(Beginning of Exercise materials)

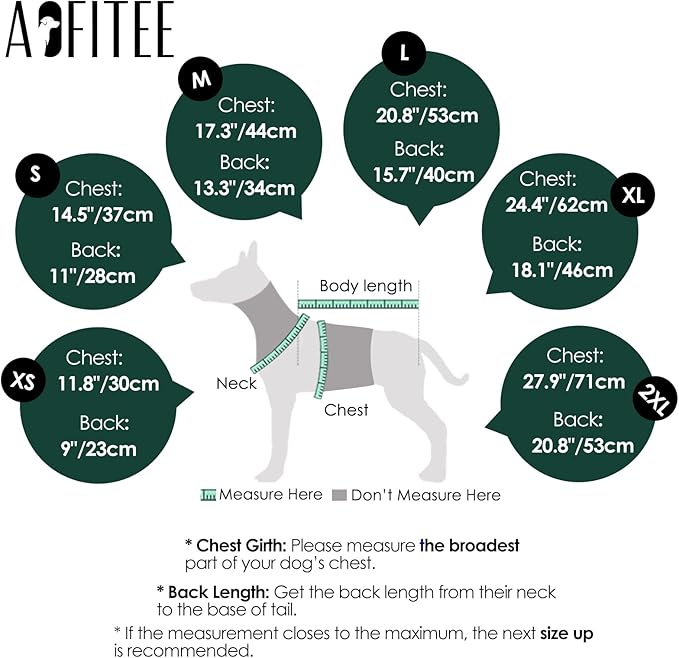 AOFITEE Dog Sweater, Dog Sweaters for Medium Dogs Girl, Warm Dogs Christmas Sweater, Winter Medium Pet Sweaters Female Male, Turtleneck Knitwear for French Bulldog, Boston Terrier (Green, M)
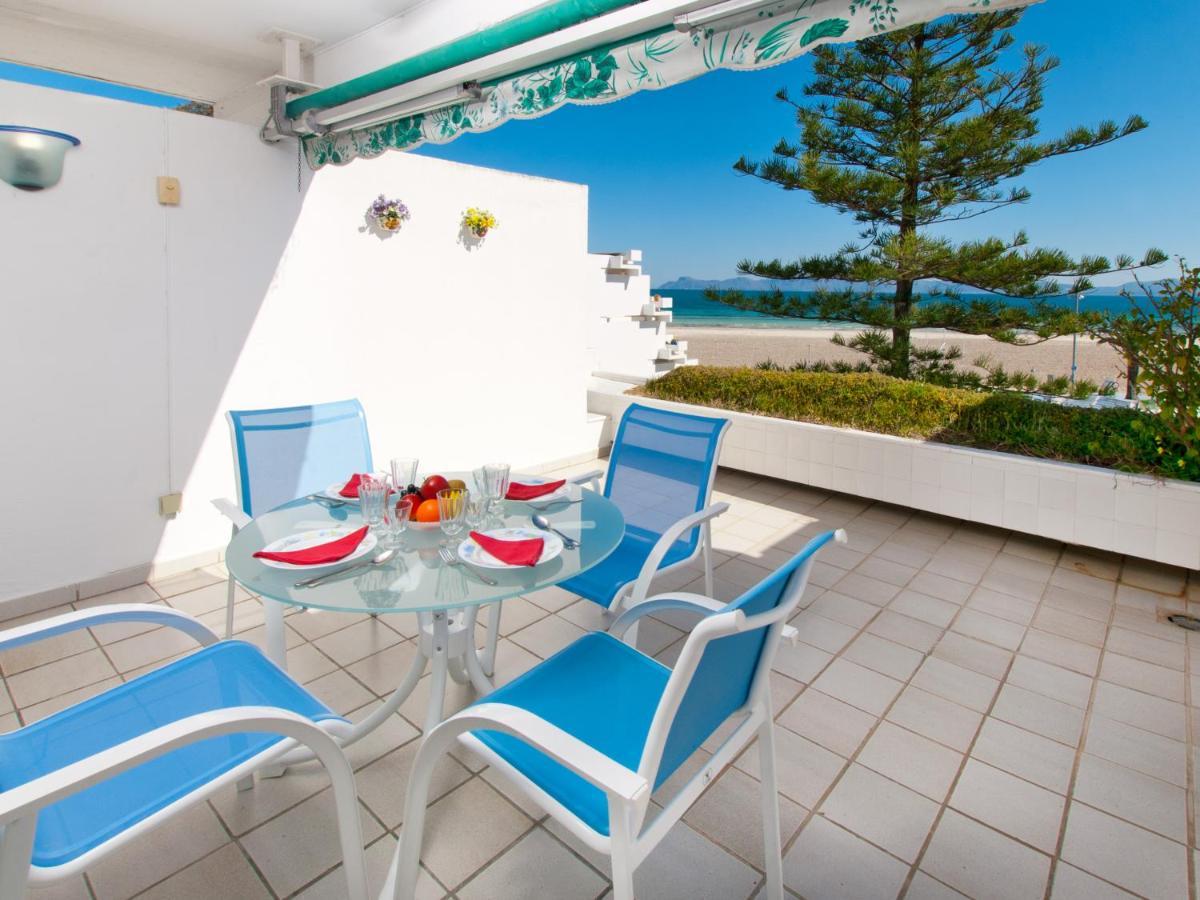 Oiza Canopus Sea Views At The Beach * Alcudia (Mallorca)
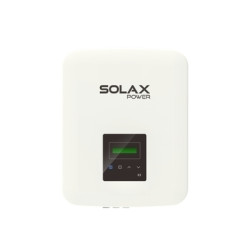 Solax Mic X3-8K-G2, bez Wifi 3.0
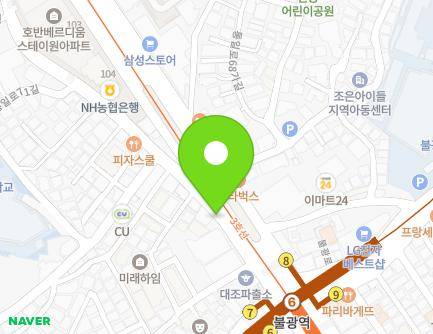 743-2 Tongil-ro, Eunpyeong-gu, Seoul, Republic of Korea Map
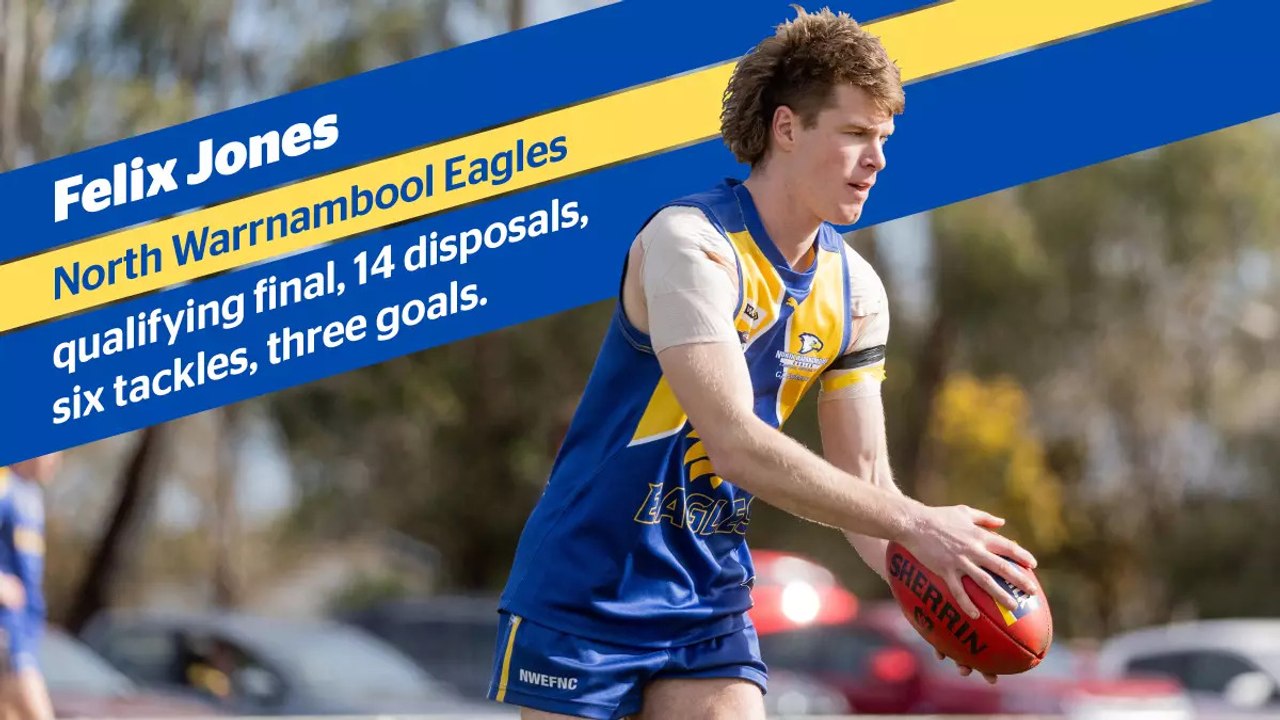 Felix Jones starring in attack and defence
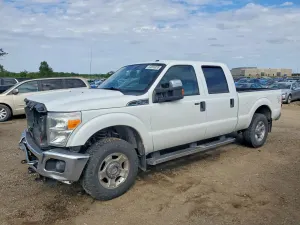 Ford F-250 6.2L 8 2011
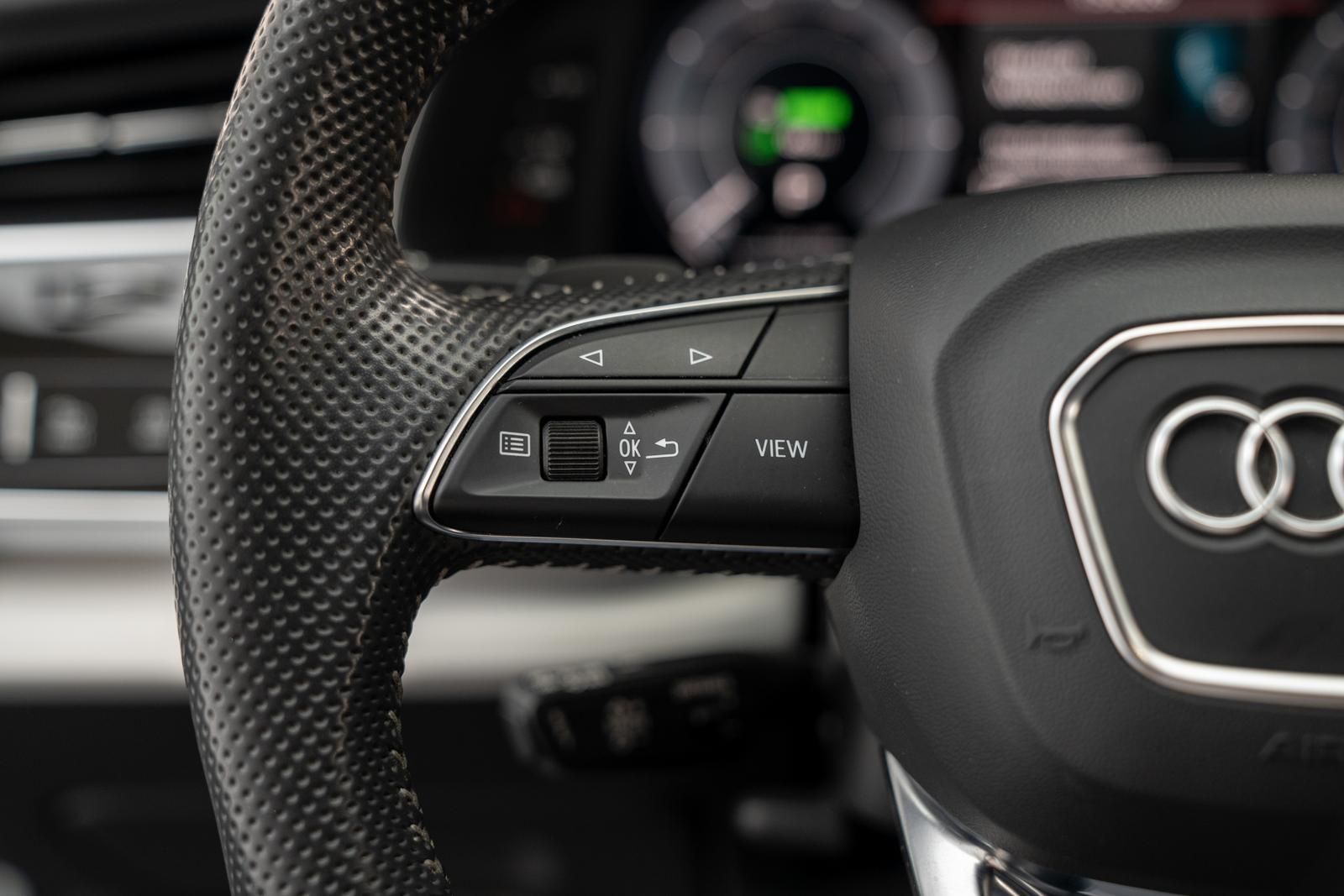 Audi Q7 60 TFSIe S line MATRIX HUD KAMERA 23ZOLL AHK foto 21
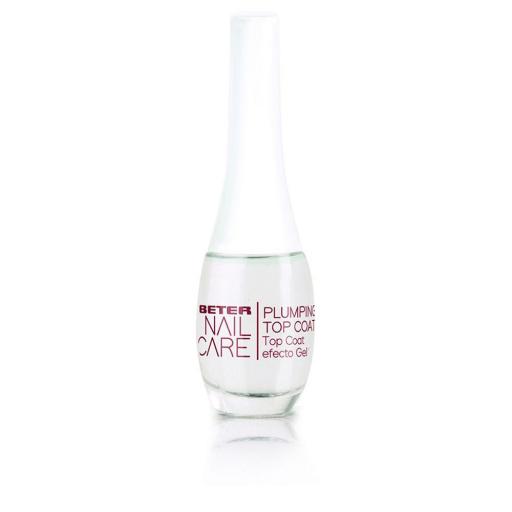 Brillo y Volumen Top Coat Efecto Gel 11 ml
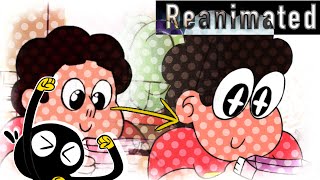 How I Reanimated Steven Universe!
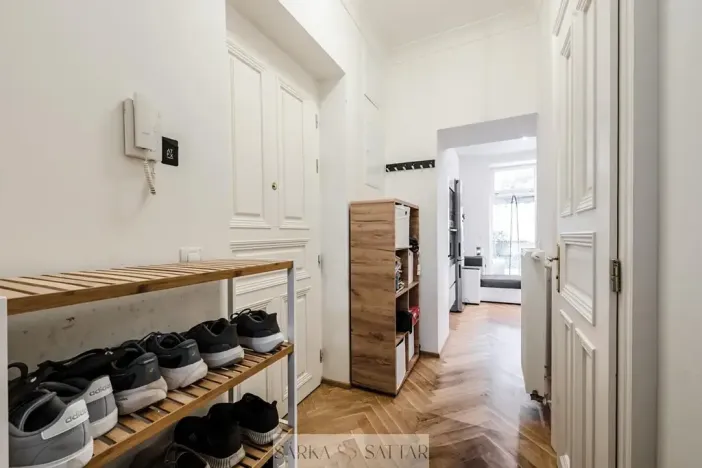 Prodej bytu 2+kk, Praha - Bubeneč, Šmeralova, 41 m2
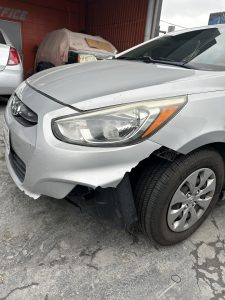 What to do after a car accident in Los Angeles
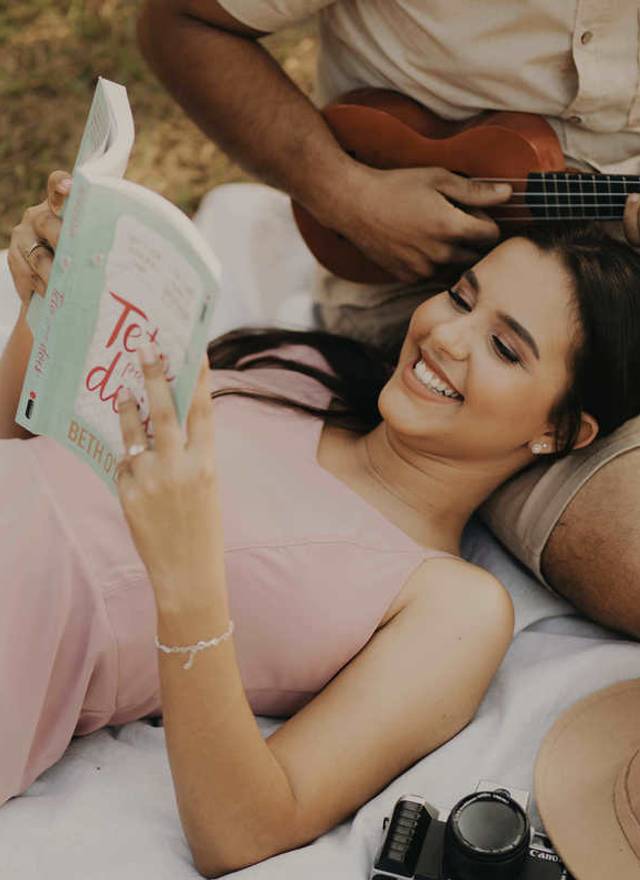 Pre Wedding de Pre Wedding - Amanda e Vinicius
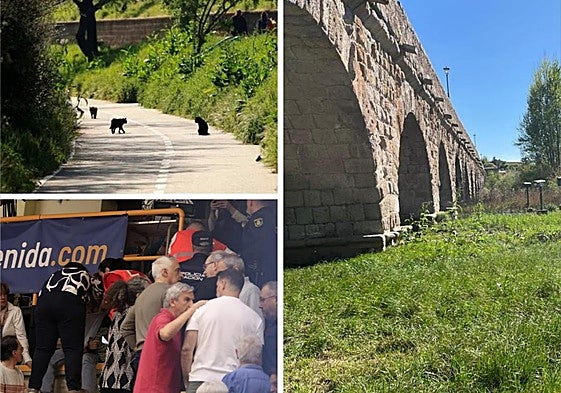 Las noticias imprescindibles de Salamanca este lunes 28 de abril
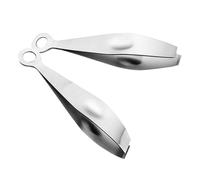 2 Pezzi Pinzette In Metallo Per Strumento Per Alimenti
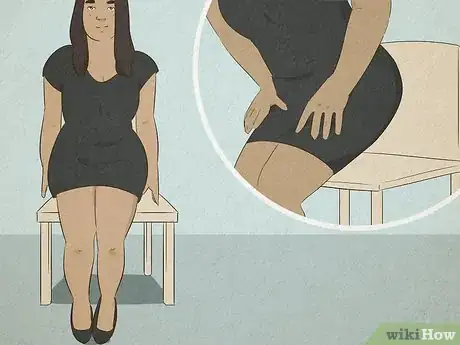Imagen titulada Sit Like a Lady Step 3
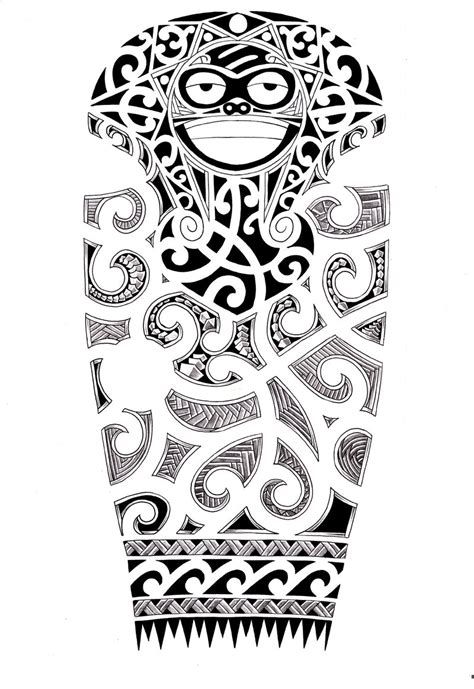 Maori Tattoos Maori Arm Tattoo Top Art Styles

(End of Exercise materials)

- **Task requirements**
Pictures should not appear; only the lines from the start of the listing above to the line containing "Oiza Canopus Sea", both ends included, are to be repeated exactly.

- **Task response**
 AOFITEE Dog Sweater, Dog Sweaters for Medium Dogs Girl, Warm Dogs Christmas Sweater, Winter Medium Pet Sweaters Female Male, Turtleneck Knitwear for French Bulldog, Boston Terrier (Green, M)
 Oiza Canopus Sea Views At The Beach * Alcudia (Mallorca)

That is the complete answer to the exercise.